= Mortal coil =

Poetic term for the troubles of daily life

Mortal coil is a poetic term for the troubles of daily life and the strife and suffering of the world. It is used in the sense of a burden to be carried or abandoned. To "shuffle off this mortal coil" is to die, exemplified in the "To be, or not to be" soliloquy in Shakespeare's Hamlet.

==Derivation==
Derived from 16th-century English, coil refers to tumults or troubles. Used idiomatically, the phrase means "the bustle and turmoil of this mortal life". Coil was coined repeatedly; at various times, people have used it as a verb to mean "to cull", "to thrash", "to lie in rings or spirals", "to turn", "to mound hay", and "to stir". As a noun, it has meant "a selection", "a spiral", "the breech of a gun", "a mound of hay", "a pen for hens", and "noisy disturbance, fuss, ado". It is in this last sense, which became popular in the 16th century, that Shakespeare used the word.

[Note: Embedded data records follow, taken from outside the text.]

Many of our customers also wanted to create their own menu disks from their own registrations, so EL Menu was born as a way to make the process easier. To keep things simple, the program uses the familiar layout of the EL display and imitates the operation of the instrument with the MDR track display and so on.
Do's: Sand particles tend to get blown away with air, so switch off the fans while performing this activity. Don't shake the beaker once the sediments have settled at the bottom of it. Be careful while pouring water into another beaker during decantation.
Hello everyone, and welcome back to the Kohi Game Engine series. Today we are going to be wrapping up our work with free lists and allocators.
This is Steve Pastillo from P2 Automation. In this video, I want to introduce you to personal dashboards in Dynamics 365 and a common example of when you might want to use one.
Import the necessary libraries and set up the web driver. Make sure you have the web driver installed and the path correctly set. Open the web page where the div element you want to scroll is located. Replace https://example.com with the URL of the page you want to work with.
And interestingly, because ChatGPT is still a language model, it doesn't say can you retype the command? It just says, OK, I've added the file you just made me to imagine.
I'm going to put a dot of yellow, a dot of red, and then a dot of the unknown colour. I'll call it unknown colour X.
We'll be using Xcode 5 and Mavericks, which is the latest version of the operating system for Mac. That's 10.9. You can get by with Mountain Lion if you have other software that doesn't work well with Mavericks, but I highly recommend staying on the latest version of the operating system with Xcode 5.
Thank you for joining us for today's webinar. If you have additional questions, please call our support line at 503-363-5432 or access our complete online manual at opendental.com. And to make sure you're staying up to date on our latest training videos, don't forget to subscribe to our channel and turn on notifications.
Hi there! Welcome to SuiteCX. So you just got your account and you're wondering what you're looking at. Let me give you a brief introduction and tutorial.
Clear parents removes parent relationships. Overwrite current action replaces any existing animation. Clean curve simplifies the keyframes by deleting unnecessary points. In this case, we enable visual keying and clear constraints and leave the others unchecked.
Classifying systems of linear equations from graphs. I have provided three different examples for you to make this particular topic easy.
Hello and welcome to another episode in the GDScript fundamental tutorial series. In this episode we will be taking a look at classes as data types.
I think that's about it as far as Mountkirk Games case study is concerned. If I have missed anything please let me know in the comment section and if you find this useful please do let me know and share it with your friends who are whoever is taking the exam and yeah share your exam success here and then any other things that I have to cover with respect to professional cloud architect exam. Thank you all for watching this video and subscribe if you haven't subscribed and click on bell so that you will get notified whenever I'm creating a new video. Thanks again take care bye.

Mortal coil—along with the slings and arrows of outrageous fortune; to sleep, perchance to dream; and aye, there's the rub—is part of Hamlet’s famous "To be, or not to be" speech.

==Schopenhauer's speculation==
Arthur Schopenhauer, in his Parerga and Paralipomena, which was written in German, Volume 2, § 232a, conjectured that this phrase might have been involved in a typesetter's error or a slip of the author's pen.Should there not have been originally 'shuttled off'? This verb itself no longer exists but 'shuttle' is an implement used in weaving. Accordingly, the meaning might be: 'when we have unwound and worked off this coil of mortality.' In this way, the length of our life is metaphorically the length of thread that is coiled on a spool, a metaphor related to the ancient Greek mythological figures of the Fates. As humans live, the thread is unwound from the coil by the shuttle of the loom of time.

However, there are no other references in the speech to thread, looms, or weaving (aside from bodkin), and the remaining content of the speech matches the usage of coil, coile, or coyle to mean turmoil.